As the Royal Canadian Air Force’s frontline multi-role fighter, the modernized CF-18 is used for air defence, air superiority, tactical support, training, aerobatic demonstration, and aerospace testing and evaluation.
The CF-18 has recently been put through a two-phase modernization program, a comprehensive mid-life upgrade to ensure that the Canadian Forces have a modern and interoperable fighter fleet until at least the 2020 timeframe.
Phase I of the Incremental Modernization Project was completed in 2006. This first phase of the CF-18 modernization project included among others, the procurement and installation of a new radar, jam-resistant radios, mission computers and embedded global positioning systems.
Phase II of the Incremental Modernization Project, which was finished in 2010, included the installation and integration of a tactical data link system, helmet cueing system, colour displays, upgraded countermeasures dispensers, and a triple-deck cockpit video recorder, among outfitting the CF-18s with other technologically advanced equipment.
In addition to the two modernization phases for CF-18 aircraft, other CF-18 projects are either completed or ongoing to align the CF-18 aircraft with a fully integrated air capability thus increasing Air Force interoperability with our allies as well as our ability to respond to threats to North America.

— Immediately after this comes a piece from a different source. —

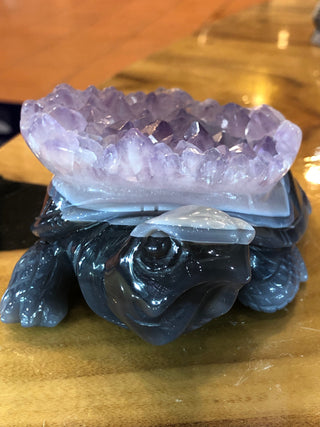 Grey Agate and Amethyst Geode Tortoise [1k1036]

Because of its superior power and speed, and its exceptional tracking capabilities, the CF-18 has had great success in many military operations in Canada and around the world.
Canada's first operational deployment of the CF-18 took place during the Gulf War, when Canada sent 24 CF-18s to Qatar to participate in the American-led Desert Shield and Desert Storm campaigns. Similarly, Canada deployed 18 CF-18s to Italy to take part in the Kosovo campaign in 1999.
Since the September 11 terrorist attacks, Canada’s fighter force is committed to protecting North America from future threats. As part of Operation Noble Eagle, NORAD’s mission to safeguard North American skies, CF-18s maintain a constant state of alert, ready to respond immediately to potential threats to continental security.
CF-18s were heard over the skies of British Columbia, where they provided around the clock support to the 2010 Olympic Games. In 2011, they played a vital role during Op Mobile, as part of a NATO-led effort to enforce an arms embargo and no-fly zone to protect civilians in Libya in support of the United Nations Security Council Resolutions 1970 and 1973. Seven CF-18s made up Task Force Libeccio, conducting 946 sorties, ten percent of NATO strike sorties, and dropping 696 bombs of various types to engage military assets threatening the civilian population.
Due to the modernisation of the fleet completed in 2010, our CF-18s will remain viable into the early part of the next decade when Canada’s next generation fighter capability becomes operational.